EXERCISE INSTRUCTIONS
No picture should appear in the copy. Transcribe exactly, and only, the lines from the one with "Axia South Cikarang" through the last line of the data below.

MATERIAL PROVIDED
========================================

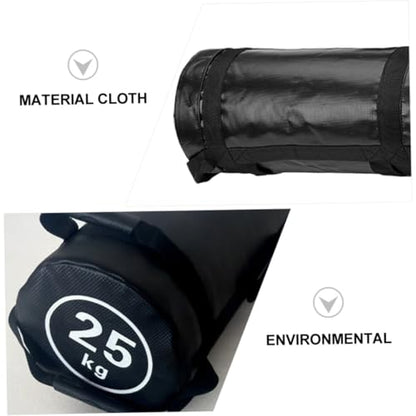KOMBIUDA 1 Set Fitness Energy Pack Portable Cornhole Set Muscle Training Gear Adjustable Fitness Sandbag Sandbags for Fitness PVC Red Training Power Bag Fitness Bag Fitness Training Bag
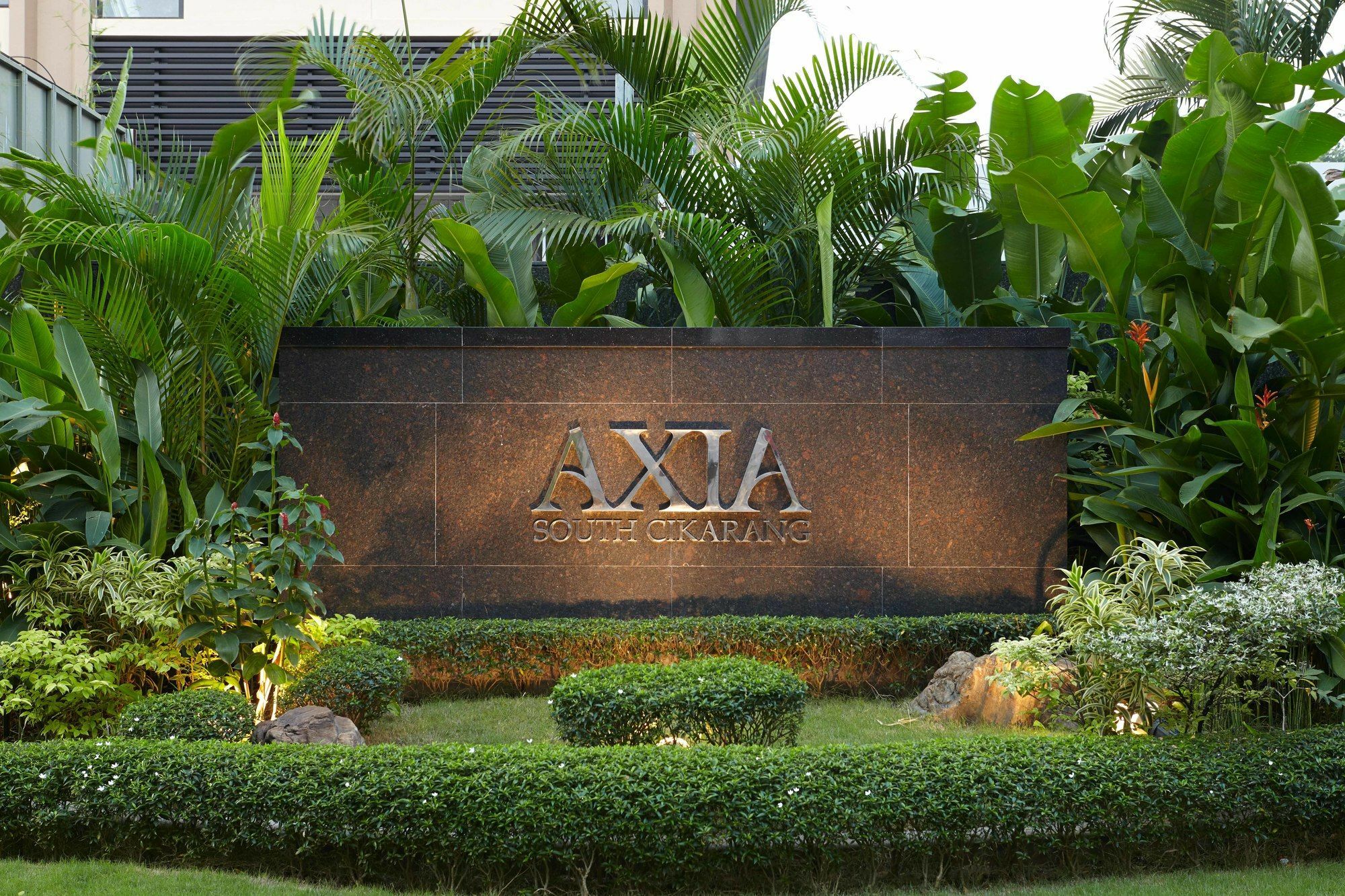 Axia South Cikarang Service Apartment Exterior photo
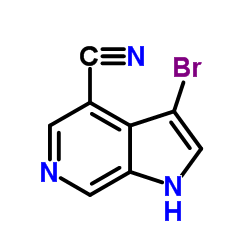 3-Bromo-4-cyano-6-azaindole图片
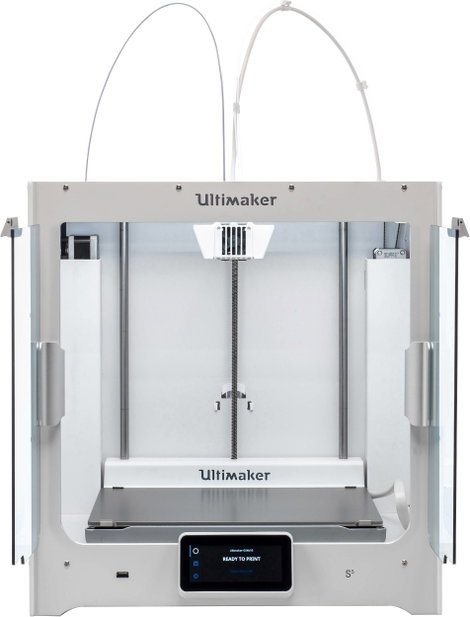 3D nyomtató kettős dűzni rendszerrel (dupla extruder), Ultimaker S5 2. kép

========================================

TASK RESULT
 Axia South Cikarang Service Apartment Exterior photo
 3-Bromo-4-cyano-6-azaindole图片
 3D nyomtató kettős dűzni rendszerrel (dupla extruder), Ultimaker S5 2. kép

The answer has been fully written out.